**Data listing**
● ● ●

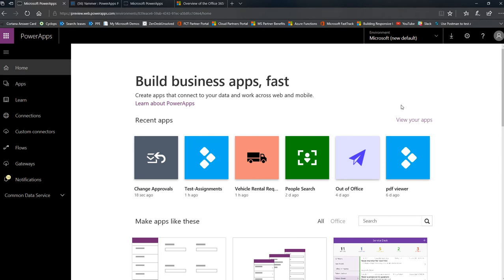Welcome to another Friday Functions video. In this Friday Functions video, we're going to talk about adding functionality to launch or to trigger a flow from inside of your Power App.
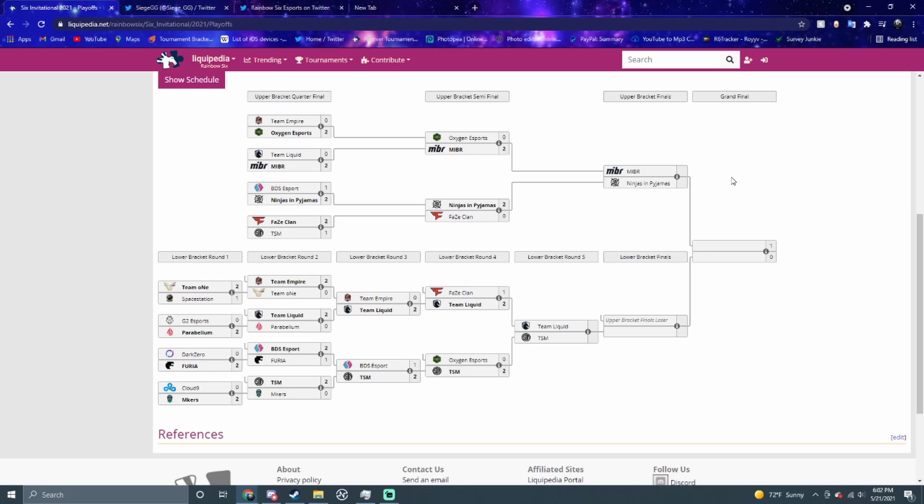Then Team Liquid versus TSM - I still want to go TSM but I don't know who's gonna win that one. I think I'm gonna go TSM but I'm not surprised if Liquid would win either. We have three Brazilian teams and one North American team left. Ninjas and TSM got the farthest in the last one.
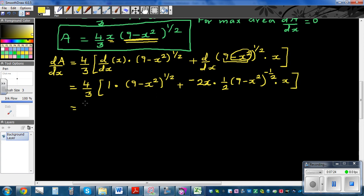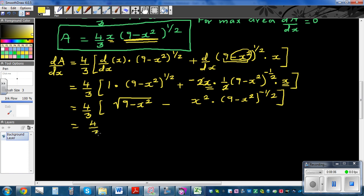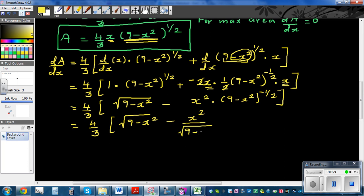Simplifying, dA/dx equals (4/3) times the square root of (9 minus x squared) minus x squared times (9 minus x squared) to the negative half. The two and two cancel, and x times x gives x squared. The term raised to the negative half is the same as 1 over the square root of (9 minus x squared).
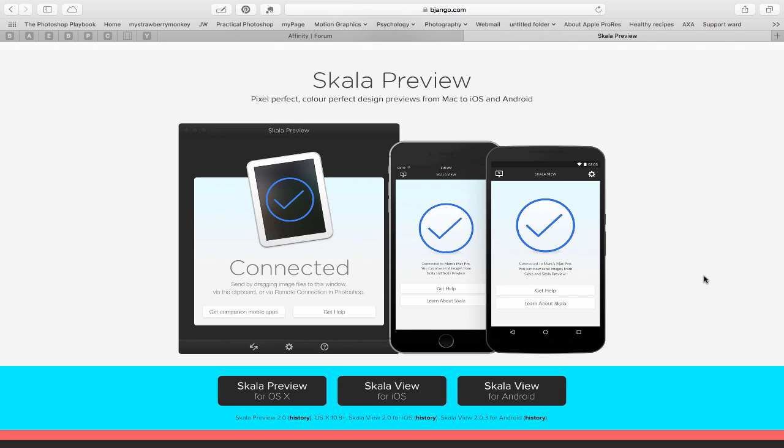This week we're going to take a quick look at a great application for your Mac, iOS and Android devices. The application is called Skala Preview and it's available at bjango.com, spelled with a B of course.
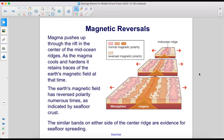Magma pushes up through the rift in the center of the mid-ocean ridges. As the magma cools and hardens, it retains traces of the Earth's magnetic field at that time. The Earth's magnetic field has reversed polarity numerous times, as indicated by seafloor crust. The similar bands on either side of the center ridge are evidence for seafloor spreading.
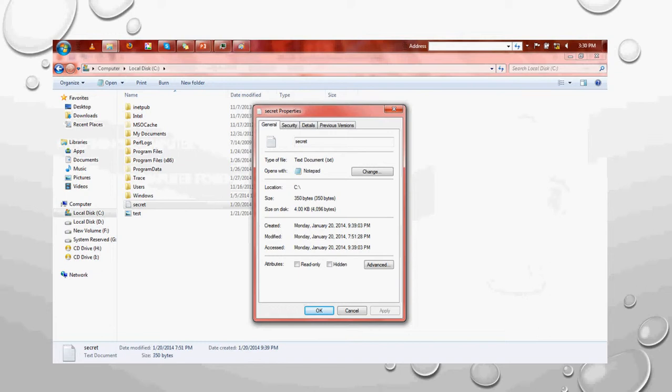Let me show you this very interesting thing. This is a simple txt file and I have just opened its properties. If you carefully look at the size of this file, it is just 350 bytes. But looking at the size on disk, it is 4KB — around 10 times the actual size. Now, if this small file costs 10 times more space, what happens with large files like 1GB or 2GB? All these hidden things are what come under forensics, and we will get the answer in a later part of this series.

● ● ●

**Activity**
The expected answer is an unaltered copy of the listing, images removed.

**Response**
Welcome to another Friday Functions video. In this Friday Functions video, we're going to talk about adding functionality to launch or to trigger a flow from inside of your Power App.
Then Team Liquid versus TSM - I still want to go TSM but I don't know who's gonna win that one. I think I'm gonna go TSM but I'm not surprised if Liquid would win either. We have three Brazilian teams and one North American team left. Ninjas and TSM got the farthest in the last one.
Simplifying, dA/dx equals (4/3) times the square root of (9 minus x squared) minus x squared times (9 minus x squared) to the negative half. The two and two cancel, and x times x gives x squared. The term raised to the negative half is the same as 1 over the square root of (9 minus x squared).
This week we're going to take a quick look at a great application for your Mac, iOS and Android devices. The application is called Skala Preview and it's available at bjango.com, spelled with a B of course.
Magma pushes up through the rift in the center of the mid-ocean ridges. As the magma cools and hardens, it retains traces of the Earth's magnetic field at that time. The Earth's magnetic field has reversed polarity numerous times, as indicated by seafloor crust. The similar bands on either side of the center ridge are evidence for seafloor spreading.
Let me show you this very interesting thing. This is a simple txt file and I have just opened its properties. If you carefully look at the size of this file, it is just 350 bytes. But looking at the size on disk, it is 4KB — around 10 times the actual size. Now, if this small file costs 10 times more space, what happens with large files like 1GB or 2GB? All these hidden things are what come under forensics, and we will get the answer in a later part of this series.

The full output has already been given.